LA última ronda de negociaciones republicanas para substituir la reforma sanitaria aprobada hace siete años no dio resultados en el primer intento, pero en cambio sirvió para sembrar confusión entre millones de personas y para plantear a los senadores y congresistas republicanos un problema de supervivencia política. Después de prometer durante años que eliminarán una ley que consideran funesta y de basar parte de su campaña electoral en las posibilidades que una mayoría como la que ahora tienen en el Congreso junto con el apoyo de un presidente de su mismo partido, a la hora de la verdad los republicanos quedan paralizados y divididos por disputas internas, con el natural regocijo de los demócratas que ven un rayo de esperanza para salir del marasmo político en que están sumidos desde el pasado mes de noviembre.
A primera vista, resulta difícil de entender que existan tales divisiones y también que la opinión pública vaya alejándose cada día un poco más de las posiciones republicanas: la reforma conocida como Obamacare, aunque su nombre oficial sea ACA, (Ley para una Sanidad Asequible) sigue dejando sin cobertura a millones de personas y es prohibitivamente cara para los que no tienen más remedio que suscribir pólizas que no desean porque les obliga la ley.

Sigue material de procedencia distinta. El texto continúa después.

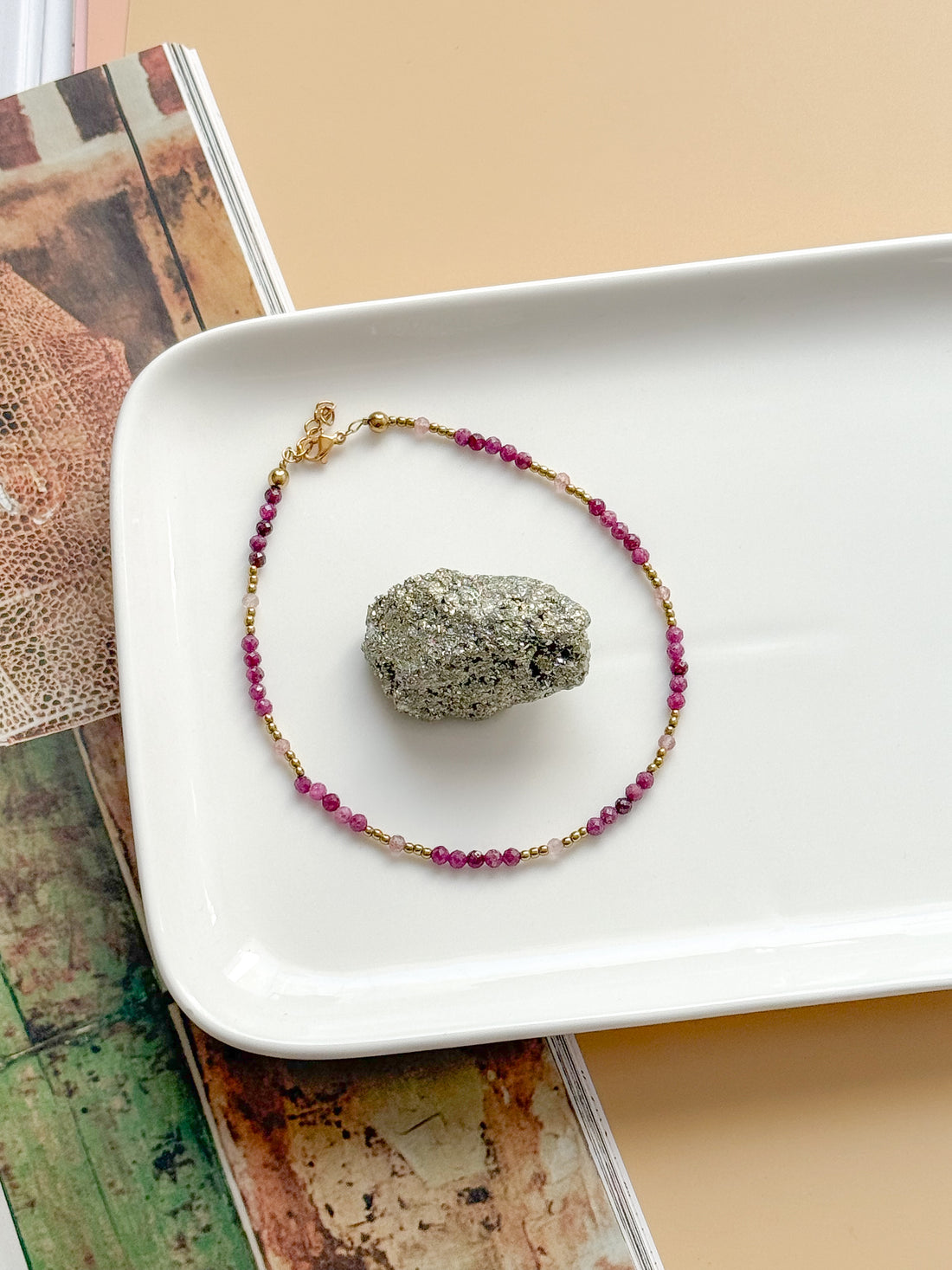 Bracelet de cheville PAOLA - Quartz fraise, Rubis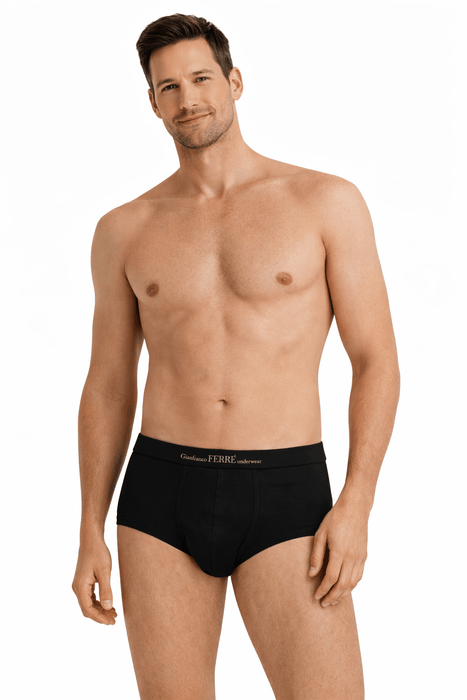 Gianfranco Ferre BREVI NR Black Cotton Blend Mens Underwear-XL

Peor aún, cada vez hay menos aseguradoras dispuestas a ofrecer pólizas y las que aún se mantienen en el mercado van subiendo los precios de forma astronómica, pues exigen unos deducibles tan altos que los clientes no empiezan a recibir compensaciones hasta que no se han gastado casi 10.000 euros. Aunque, naturalmente, hay algunos beneficiados que, debido a las dimensiones norteamericanas, son siempre muchos millones.

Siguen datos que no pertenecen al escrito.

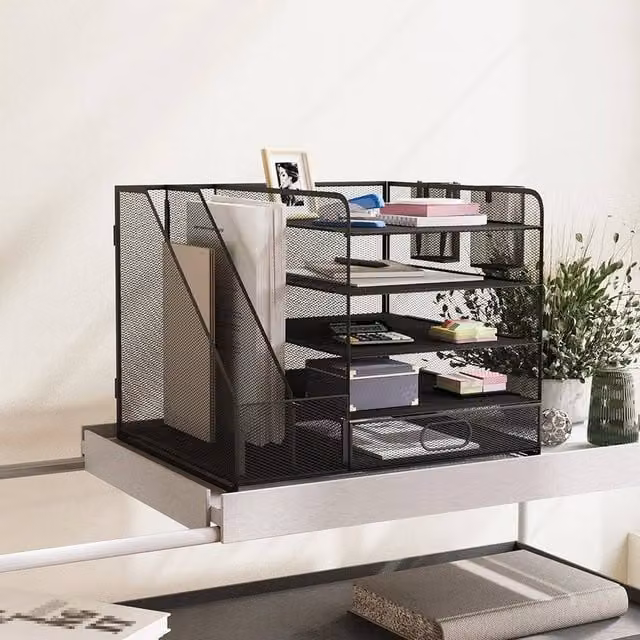 FORGEVIO Black Metal Letter Tray Organiser, W: 30.5 cm, D: 28 cm, H: 35 cm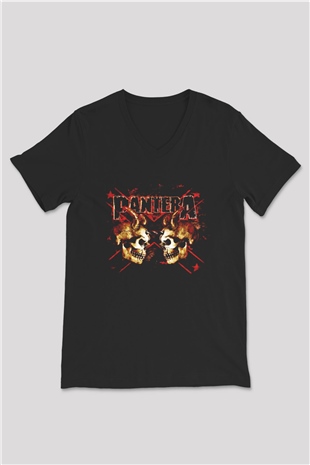 Pantera Siyah Unisex V Yaka Tişört T-Shirt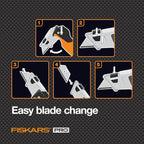 Fiskars Pro Retractable Folding Utility Knife, Box Cutter with Long-Lasting CarbonMax Razor Blade and Dual Lock Safety, Orange/Black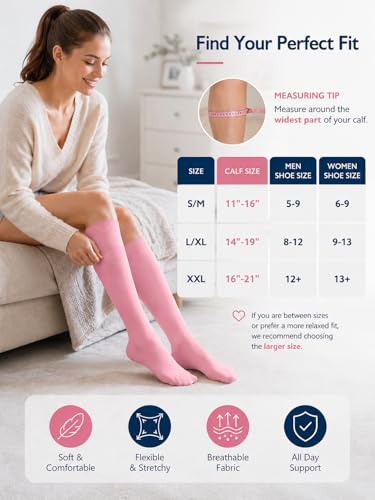 Image of Medical Soft Compression Socks 20-30 mmHg for Women & Men - High-Stretch Wide Calf Fit, Breathable Cooling Microfiber Knit, Easy-On Knee High Support Stockings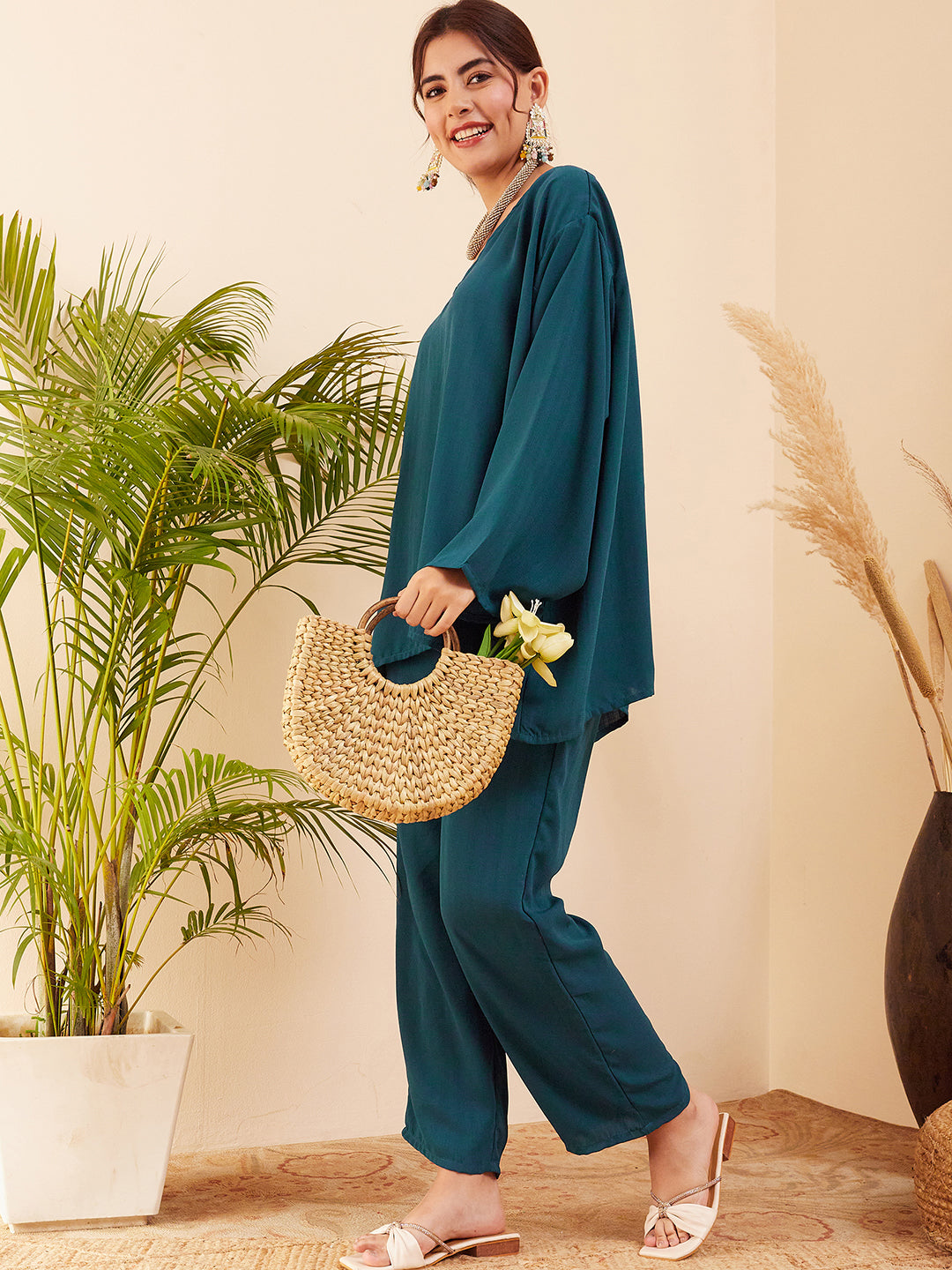 InWeave Women's Dark Ocean Full Sleeve Boho Top Bottom Set 
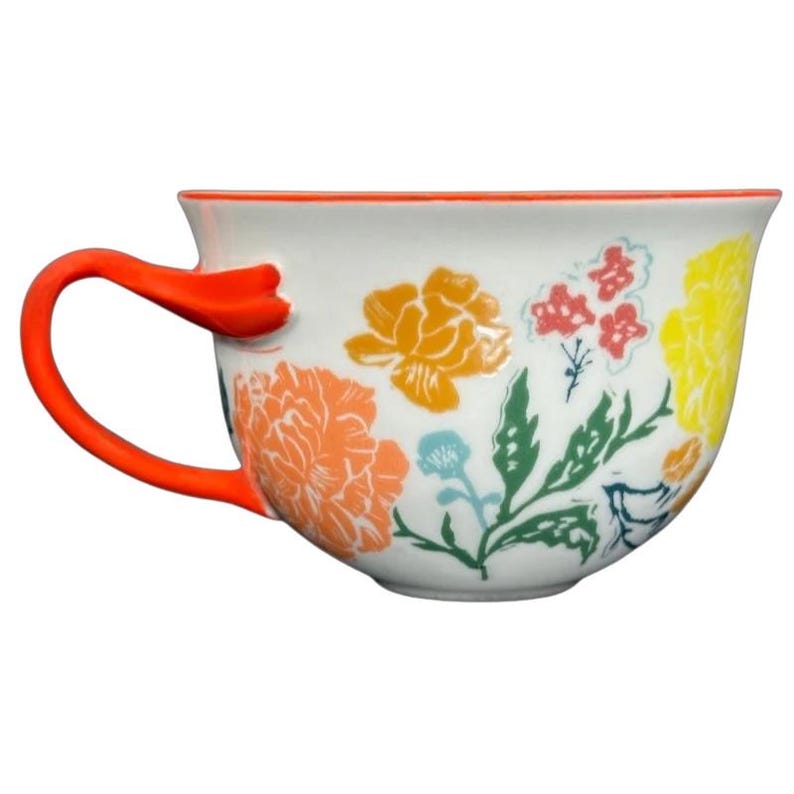 Arboretum Floral Orange Dragonfly Handle Mug Anthropologie image 3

Lo más sorprendente es el desconocimiento general y la disparidad en la forma de interpretar la realidad, algo que sin duda no se debe a cuestiones aritméticas, sino políticas.
Tanto el ciudadano de a pie, como los políticos e incluso los proveedores médicos, parecen a veces desligados de la realidad y de una ignorancia tan extensa como sorprendente, a la vista de lo mucho que está en juego: la salud de los ciudadanos, de su economía e incluso las perspectivas políticas de ambos partidos.
Pero quizá sirva recordar que la ACA, aprobada hace 7 años, era tan compleja que la entonces presidenta de la Cámara de Representantes y líder del partido demócrata, Nancy Pelosi, imploró a sus correligionarios que votasen a ciegas: “hemos de aprobar esta ley para ponernos a estudiarla y enterarnos de lo que dice”.
Algo semejante ocurre con las reformas propuestas ahora: mientras el público no tiene más información que los comentarios de los medios informativos, en general opuestos a cualquier iniciativa conservadora, los propios senadores republicanos se dejan guiar por el informe presentado por la Oficina de Presupuestos del Congreso en vez de centrarse en el texto de la ley a la que se oponían este miércoles por lo menos 7 de entre ellos.
Las reacciones fuera del ámbito político son extremas: cuando el martes se supo que los líderes del Senado retiraban la propuesta porque no tenían suficientes votos, las bolsas se desplomaron. Pero se recuperaron el miércoles, cuando esos mismos líderes se mostraron dispuestos a intentarlo de nuevo. Una reacción debida tan solo en parte al efecto de la ley sobre los laboratorios, hospitales o médicos: muchos ven este debate como una indicación de la capacidad que el presidente Trump y la mayoría republicana en el Congreso tendrán para llevar a la práctica las reformas fiscales con que quieren reactivar la economía.
Para complicar más las cosas, no se trata tan solo del contenido de la ley que tan solo parecen conocer unos pocos iniciados, sino de los muchos intereses en juego. Estos son de gran envergadura, pues los servicios médicos absorben la sexta parte de la economía norteamericana y los interesados, como laboratorios, consorcios hospitalarios y compañías de seguros, influyen en los legisladores con donaciones electorales.
Entre tanto, los demócratas piden un sitio en la mesa de negociaciones a la que antes no querían ni acercarse. Pero su propuesta no trata de mejorar la ley, sino de instaurar una medicina socializada controlada por el gobierno. El modelo tendría cierta semejanza con el de algunos países europeos, pero hay que preguntarse si puede funcionar en un país tan diverso y grande como Estados Unidos, donde el único sistema controlado por el gobierno es la red de hospitales para veteranos: las listas de espera son tan largas que la solución propuesta es permitirles acudir a centros privados.